Compliance with agreed guidelines should be audited, such as World Health Organization surgical safety checklist compliance, equipment and monitoring standards, and anaesthetic record keeping.1,92

C Moderate
6.5

Anaesthesia departments should participate in relevant audit and research activities of national bodies such as the Health Services Research Centre and National Confidential Enquiry into Patient Outcome and Death.92

C Moderate
6.6

All episodes of anaesthesia in the non-theatre environment should be captured in a structured record within clinical notes.

GPP Strong
6.7

Regular multidisciplinary team review should be encouraged, with appropriate service improvement initiatives and shared learning.

GPP Moderate
6.8

Contribution to airway registries, such as the Difficult Airway Society Database and Emergency Medicine Airway Registry, should be encouraged.

GPP Moderate

7. Implementation support

The Anaesthesia Clinical Services Accreditation (ACSA) scheme, run by the RCoA, provides a set of standards based on the recommendations contained in the GPAS chapters. As part of the scheme, departments of anaesthesia  self-assess against the standards and undertake quality improvement projects to close the gap. Support is provided by the RCoA in the form of the good practice library, which shares documents and ideas from other departments on how to meet the standards. Further advice can be obtained from the ACSA team and department’s assigned College guide.

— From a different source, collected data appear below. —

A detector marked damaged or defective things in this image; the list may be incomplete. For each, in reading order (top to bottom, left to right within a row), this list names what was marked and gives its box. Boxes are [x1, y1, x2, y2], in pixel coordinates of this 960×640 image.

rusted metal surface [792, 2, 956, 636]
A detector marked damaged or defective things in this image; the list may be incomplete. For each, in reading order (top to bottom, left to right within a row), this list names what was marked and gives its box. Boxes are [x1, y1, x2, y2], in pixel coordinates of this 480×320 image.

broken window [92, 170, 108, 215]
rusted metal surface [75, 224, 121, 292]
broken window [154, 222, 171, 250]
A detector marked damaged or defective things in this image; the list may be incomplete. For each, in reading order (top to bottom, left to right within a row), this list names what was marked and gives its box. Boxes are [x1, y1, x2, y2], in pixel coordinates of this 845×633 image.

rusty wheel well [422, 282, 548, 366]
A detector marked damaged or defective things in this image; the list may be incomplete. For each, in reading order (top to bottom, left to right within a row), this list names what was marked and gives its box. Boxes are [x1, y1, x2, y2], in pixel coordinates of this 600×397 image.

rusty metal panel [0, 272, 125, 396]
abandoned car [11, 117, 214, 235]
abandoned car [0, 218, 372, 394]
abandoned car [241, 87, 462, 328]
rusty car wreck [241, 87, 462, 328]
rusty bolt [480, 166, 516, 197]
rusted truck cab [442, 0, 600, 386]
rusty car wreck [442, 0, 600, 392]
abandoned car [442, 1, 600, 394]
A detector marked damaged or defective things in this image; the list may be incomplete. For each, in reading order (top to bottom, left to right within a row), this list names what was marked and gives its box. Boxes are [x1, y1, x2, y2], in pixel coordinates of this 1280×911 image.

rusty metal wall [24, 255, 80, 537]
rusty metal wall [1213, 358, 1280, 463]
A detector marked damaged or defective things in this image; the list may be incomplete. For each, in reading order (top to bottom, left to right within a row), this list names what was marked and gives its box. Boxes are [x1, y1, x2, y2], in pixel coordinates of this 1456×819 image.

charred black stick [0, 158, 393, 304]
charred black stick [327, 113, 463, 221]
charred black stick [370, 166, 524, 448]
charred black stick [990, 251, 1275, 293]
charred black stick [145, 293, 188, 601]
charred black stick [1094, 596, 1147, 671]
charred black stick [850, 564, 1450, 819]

The ACSA standards are regularly reviewed on at least a three yearly basis to ensure that they reflect current GPAS recommendations and good practice. This feedback process works both ways and the ACSA scheme regularly provides CDGs with comments on the GPAS recommendations, based on departments’ experience of implementing the recommendations.

Further information about the ACSA scheme can be found here: https://www.rcoa.ac.uk/safety-standards-quality/anaesthesia-clinical-services-accreditation

8. Patient information

The Royal College of Anaesthetists has developed a range of Trusted Information Creator Kitemark-accredited patient information resources that can be accessed from the RCoA website, including information on sedation, resources for children and young people and accessible resources. Our main leaflets are now translated into more than 20 languages, including Welsh.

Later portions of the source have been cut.